As flores ainda irão brotar com a passagem das cores das estações. O sol continua a despencar e aninhar-se no horizonte em um ciclo repetitivo, o faz religiosamente todos os dias. E com sua despedida temporária, a noite também chega, convidando as estrelas a darem seus últimos ou mais novos suspiros, porque nem todas elas se perpetuarão para a eternidade, mas mesmo assim, tantas outras nascem para não deixarem a imensidão azulada sozinha e apagada.

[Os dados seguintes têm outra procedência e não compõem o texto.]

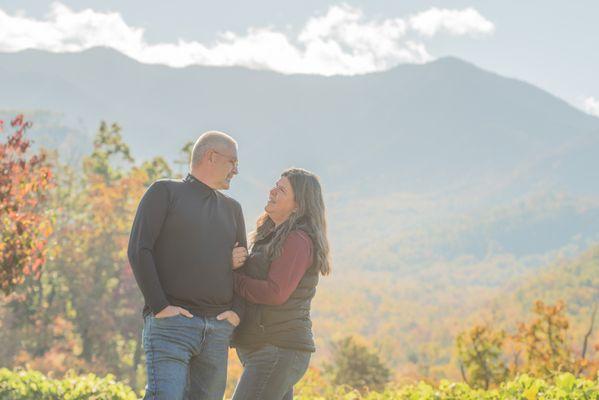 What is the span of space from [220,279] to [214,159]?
A: 76 cm

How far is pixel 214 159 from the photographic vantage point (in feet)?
15.2

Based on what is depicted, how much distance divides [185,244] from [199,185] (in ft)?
1.41

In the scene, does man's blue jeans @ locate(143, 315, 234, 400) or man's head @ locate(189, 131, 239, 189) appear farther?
man's head @ locate(189, 131, 239, 189)

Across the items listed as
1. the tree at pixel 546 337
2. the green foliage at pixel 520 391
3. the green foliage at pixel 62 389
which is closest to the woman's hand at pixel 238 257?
the green foliage at pixel 520 391

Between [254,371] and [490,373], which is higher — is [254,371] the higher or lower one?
the higher one

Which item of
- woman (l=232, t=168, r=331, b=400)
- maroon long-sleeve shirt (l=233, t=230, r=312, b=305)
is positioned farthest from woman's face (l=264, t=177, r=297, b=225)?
maroon long-sleeve shirt (l=233, t=230, r=312, b=305)

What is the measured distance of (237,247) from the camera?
15.7 feet

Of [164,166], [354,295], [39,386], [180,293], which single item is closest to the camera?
[180,293]

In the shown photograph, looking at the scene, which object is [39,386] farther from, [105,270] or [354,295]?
[354,295]

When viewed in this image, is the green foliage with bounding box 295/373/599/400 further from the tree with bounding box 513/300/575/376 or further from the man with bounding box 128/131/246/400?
the tree with bounding box 513/300/575/376

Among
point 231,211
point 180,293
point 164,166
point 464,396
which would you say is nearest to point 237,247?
point 231,211

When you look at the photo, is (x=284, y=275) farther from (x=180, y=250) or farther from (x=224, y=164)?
(x=224, y=164)

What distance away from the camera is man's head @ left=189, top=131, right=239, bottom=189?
182 inches

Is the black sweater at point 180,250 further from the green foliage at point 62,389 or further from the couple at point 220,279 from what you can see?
the green foliage at point 62,389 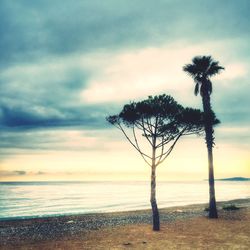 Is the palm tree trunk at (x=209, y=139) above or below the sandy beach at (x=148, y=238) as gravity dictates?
above

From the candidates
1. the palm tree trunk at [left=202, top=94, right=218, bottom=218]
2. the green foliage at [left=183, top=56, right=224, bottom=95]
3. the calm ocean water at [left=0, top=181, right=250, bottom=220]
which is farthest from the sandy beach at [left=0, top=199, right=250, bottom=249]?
the calm ocean water at [left=0, top=181, right=250, bottom=220]

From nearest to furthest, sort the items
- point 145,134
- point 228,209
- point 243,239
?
point 243,239
point 145,134
point 228,209

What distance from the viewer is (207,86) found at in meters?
26.5

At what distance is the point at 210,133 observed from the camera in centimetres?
2541

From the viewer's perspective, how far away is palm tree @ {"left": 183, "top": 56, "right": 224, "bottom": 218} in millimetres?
25531

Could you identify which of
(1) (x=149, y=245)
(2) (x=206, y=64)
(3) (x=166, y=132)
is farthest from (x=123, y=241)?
Answer: (2) (x=206, y=64)

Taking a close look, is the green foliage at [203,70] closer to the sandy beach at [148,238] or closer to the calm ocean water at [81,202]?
the sandy beach at [148,238]

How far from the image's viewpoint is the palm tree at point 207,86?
83.8 ft

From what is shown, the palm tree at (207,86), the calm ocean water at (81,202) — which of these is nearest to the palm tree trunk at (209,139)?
the palm tree at (207,86)

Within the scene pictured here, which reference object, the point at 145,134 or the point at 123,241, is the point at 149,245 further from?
the point at 145,134

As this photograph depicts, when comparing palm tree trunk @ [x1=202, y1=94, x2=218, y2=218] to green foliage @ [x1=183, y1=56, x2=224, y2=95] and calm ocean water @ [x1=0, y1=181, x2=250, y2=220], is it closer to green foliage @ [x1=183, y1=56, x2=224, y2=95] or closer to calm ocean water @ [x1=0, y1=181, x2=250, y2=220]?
green foliage @ [x1=183, y1=56, x2=224, y2=95]

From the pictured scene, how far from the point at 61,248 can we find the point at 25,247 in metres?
2.18

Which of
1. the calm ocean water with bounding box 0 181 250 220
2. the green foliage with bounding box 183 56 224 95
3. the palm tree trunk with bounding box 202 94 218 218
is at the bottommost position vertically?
the calm ocean water with bounding box 0 181 250 220

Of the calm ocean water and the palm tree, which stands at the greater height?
the palm tree
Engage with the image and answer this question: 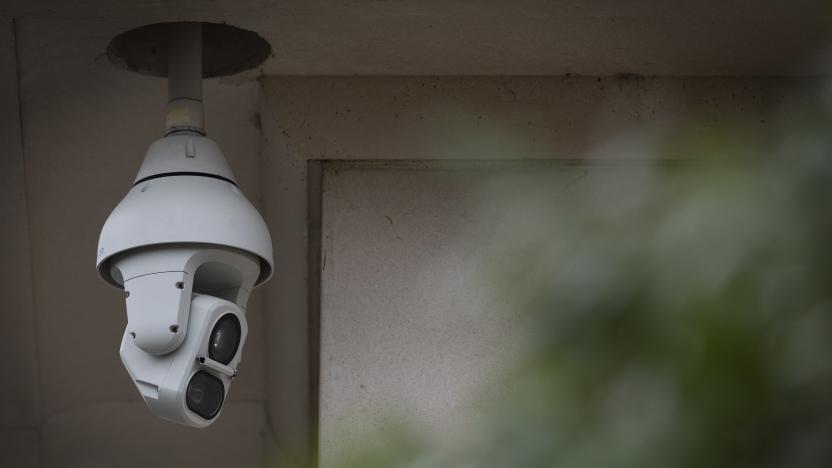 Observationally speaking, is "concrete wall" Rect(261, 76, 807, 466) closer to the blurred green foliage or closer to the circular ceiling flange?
the circular ceiling flange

Essas inconstantes chegadas e partidas me lembram do quanto o sentimento que carrego não apazigua em sua latência nem por um segundo. Nem mesmo quando a vida chama e as horas acabam me soterrando com o acúmulo de pendências que não tenho como fugir, ainda que as postergue para o amanhã. Mas, com esse sentimento, nunca é assim. Não há antídoto para a doença da qual eu sofro, não há cura para o que envolve o meu peito e me carrega no colo sem que nem ao menos seja perceptível aos olhos mundanos, porque na realidade, ele me queima por dentro.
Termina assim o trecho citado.